Before 2014, new elementary teachers had to pass state exams, known as the Praxis, before they could start work. Those pass rates hovered around 85 percent or higher, according to a presentation given to the Board of Education Wednesday afternoon. After that they had to take reading, math and general curriculum exams, all provided by the for-profit publishing company Pearson, and pass them by the end of their second year of teaching.
Math has proven to be a stumbling block, said Tom Tomberlin, director of school research, data and reporting for the N.C. Department of Public Instruction. The first year only 65 percent of teachers passed the new “foundations of math” exam, falling to 54.5 percent by 2016-17, the most recent year reported.
During the first three years of the Pearson exam, that represented 2,386 failures.
What the state doesn’t know is how many teachers failed one year but passed the next year. The reporting requirements have now been changed to make that possible to track.
Tomberlin said he didn’t make the decision, but he believes the state chose the Pearson exams because Massachusetts was using them.

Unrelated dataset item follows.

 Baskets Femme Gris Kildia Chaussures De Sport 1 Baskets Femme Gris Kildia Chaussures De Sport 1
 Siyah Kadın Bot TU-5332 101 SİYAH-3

“We take (the licensure tests) from Pearson because they’re established and they’re a reputable company,” Tomberlin told the board. “We haven’t done the work of seeing whether they’re meeting our needs in North Carolina.”

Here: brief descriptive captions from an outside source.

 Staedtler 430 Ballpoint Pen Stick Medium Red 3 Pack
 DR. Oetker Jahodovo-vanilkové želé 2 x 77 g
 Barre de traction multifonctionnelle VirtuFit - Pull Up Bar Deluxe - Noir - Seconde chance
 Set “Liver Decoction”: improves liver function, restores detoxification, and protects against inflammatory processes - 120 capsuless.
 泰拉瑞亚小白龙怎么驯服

Rutherford County Schools Superintendent Janet Mason, who serves as a board adviser, said she understands the concerns. But she also noted that elementary teachers need to understand higher math well enough to teach the concepts that will build the foundation for success in higher grades.
Tomberlin agreed: “It’s too simplistic to say, ‘I’m a kindergarten teacher. I don’t need to know middle school math or high school math.’ ”
Pearson defended its exam in a statement to the Observer, saying the company has worked with the Department of Public Instruction to implement the exam.
“Test scores required for passing are determined by the State and are informed by recommendations from North Carolina educators resulting from standard setting activities,” Scott Overland, Pearson’s director of media relations, said in a statement. “Pearson does not place any artificial barriers in the way of candidate success and only considers test scores as criteria for passage.”
In July, the state board voted to give school districts the option of keeping teachers on for one more year, allowing them more time to pass the licensing exams. Board member Olivia Oxendine and state Teacher of the Year Lisa Godwin, who serves as an adviser to the board, both said they’re hearing about strong elementary teachers who can’t pass the math test.
Katie Steele, a special education teacher in Alexander County, said she graduated from Appalachian State with honors in 2015, has received “wonderful evaluations” and was named her county’s first-year teacher of the year. But she’s able to keep teaching next year only because of the extension.
“Many of us have taken each one 3-4 times each,” she wrote in an email. “There seems to be a magic number of about 4 times per test before Pearson ‘passes’ you.”
Steele said she attended a training session to help her pass the math exam: “I sat and cried in this training with TONS of other beginning teachers who can’t pass these tests.” She’s expecting her scores on her latest attempt at the end of this week. Between retesting and test-prep classes, “these test are costing new teachers hundreds and thousands of dollars,” she said.
DPI has not responded to the Observer’s request for the cost of the Pearson contract.
The state has named a committee of experts to review whether the Pearson test is aligned with the state’s K-8 curriculum and look at better alternatives. “A better test would be less about content knowledge and more about math knowledge to support strong teaching,” the presentation says.
The bigger question, according to the report, is whether success on licensure exams actually predicts effectiveness in the classroom. That’s going to be the focus of future study.